What if the situation had changed?
Only one more stop.
She watched the console, smiling when the doors opened onto the verdant
greenery and peace of Douloi territory.
Where next? The
yacht?
Yes.
She had coveted Srivashti’s
fabulous yacht for years; she’d penetrated its defenses far enough to take it
now. She knew that with its weapons and its tremendous engines she had a good
chance of getting away.
S
he stepped out into the flagged pathway. A quick look: no Navy, no
security spooks.
And there, waiting
with several Douloi, was Arret.
Hesthar frowned
when she saw the group. Most of them were familiar, gowned and brocaded for a
formal affair. They stood in decorous silence.
Of course
,
Hesthar thought as they came forward
and wordlessly surrounded her. They’d hide her from any patrols on their way to
some party or other. Arret’s obedience marked her as abject in Hesthar’s mind.
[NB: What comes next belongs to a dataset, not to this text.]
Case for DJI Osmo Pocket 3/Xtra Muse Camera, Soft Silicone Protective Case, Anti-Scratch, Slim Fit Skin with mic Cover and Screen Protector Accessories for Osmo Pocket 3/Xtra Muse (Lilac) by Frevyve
A good tool—really, better than she had counted on. This boded very well for
the future.
Silently they
ushered her to a transtube nexus. It was Arret herself who programmed it. The
pod lurched, grinding slightly.
Hesthar became
aware of the people standing at either side, much closer than they ought. Were
the seats greasy from overuse? She disliked trespass into her proximate space,
but at least they were Douloi, and not filthy, sweaty Polloi or, worse, those
Rifters. She remembered the woman who had broken Srivashti’s arm so easily, and
the ugly one who then pitched him over the railing.